Михаил Бударагин: бронепоезд на запасном

С ЕГЭ снова скандал за скандалом: говорят, нагло списывают. На Дальнем Востоке проблемы, в Дагестане тоже, далее – везде. Но что-то во всей этой истории не так, что-то неправильно. Попробуем понять что.

Громкие скандалы с ЕГЭ – сначала на Дальнем Востоке, затем в Дагестане – породили уже своеобразный жанр: разоблачение экзамена. В Сети полным-полно роликов (не всегда понятно, какого они года), множество свидетельств очевидцев (проверить которые нельзя), пользователи яростно высказываются о том, что «все пропало, шеф».

Я очень не люблю ЕГЭ, но не так давно я наткнулся в своей ленте в «Фейсбуке» на категорическую ссылку о том, как плохи нынешние первокурсники, спасу нет. Ссылку обсуждали, и я даже не стал вмешиваться и писать о том, что три (!) года назад эту статью опубликовало одно из федеральных изданий.

Пусть.

Коротко о Дальнем Востоке

«Ключевая проблема ЕГЭ – не в ЕГЭ, а в том, что преподаватель вуза должен читать минимум часов. Четыре в неделю – вполне достаточно»
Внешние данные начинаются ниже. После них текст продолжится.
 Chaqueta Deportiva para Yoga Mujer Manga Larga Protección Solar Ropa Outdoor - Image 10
Мне кажется важным понять не медийную составляющую (она, в общем, ясна: память у людей короткая), а то, что происходит со школой и ЕГЭ в общем контексте, социальном, демографическом, образовательном.Мы очень любим оперировать мифами, один из которых звучит так: «ЕГЭ ненавидят учителя». Это не совсем правда или совсем не правда: сразу же после скандала с Дальним Востоком я побеседовал с Сергеем Новиковым, учителем математики, руководителем Елизовской физико-математической школы, о том, что он думает об экзамене, учениках и школе.
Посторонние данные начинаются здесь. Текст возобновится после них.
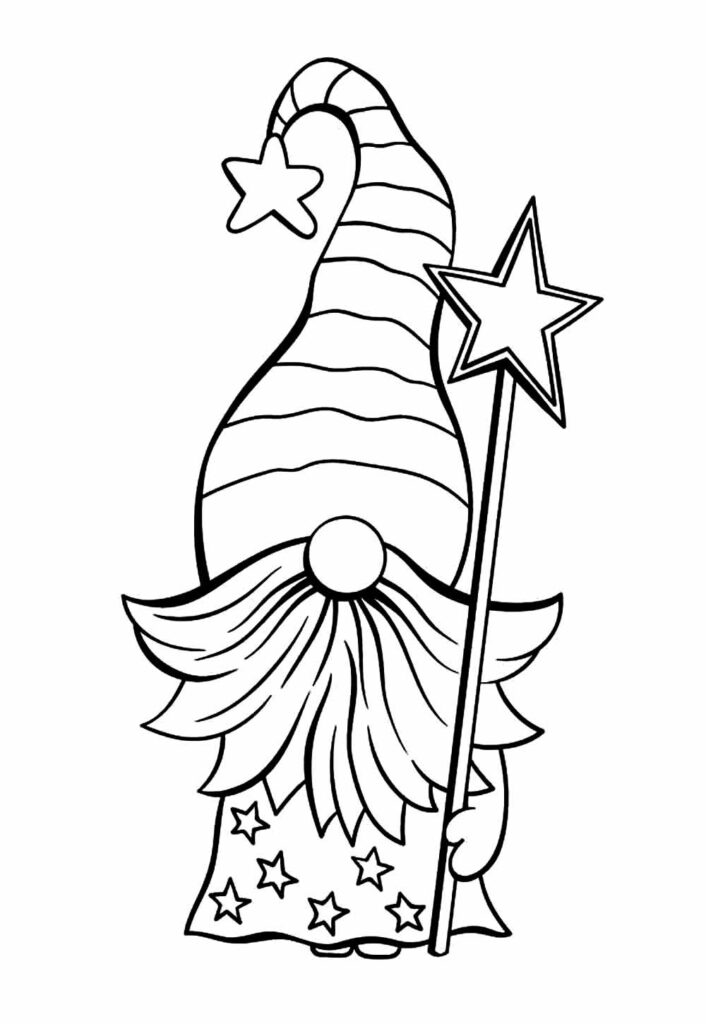 Desenho de Gnomo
Главное, что сказал мне Новиков: ЕГЭ по математике адекватен, проблемы у экзамена есть, но все они технически решаемы, выпускников школ крайне мало и не хватит почти ни на что, возвращаться к старой форме сдачи экзаменов нельзя. Запомним эти выводы.

Не подходит

Следующая болевая точка – Дагестан. Две основные проблемы состоят в том, что именно он таинственно оказывается в центре общественного внимания из-за нарушений ЕГЭ (решительно не уверен в том, что дела в Ингушетии, например, обстоят принципиально иначе), и в том, что где-то существует огромная масса вошедших в пословицы «стобалльников», которых вузы устают отчислять после первого курса.

Где-то существуют, но кто бы их видел.

Итак, нарушения. Я беседую с Лидией Панченко, заместителем директора по учебно-воспитательной работе СОШ № 7 города Кизляр.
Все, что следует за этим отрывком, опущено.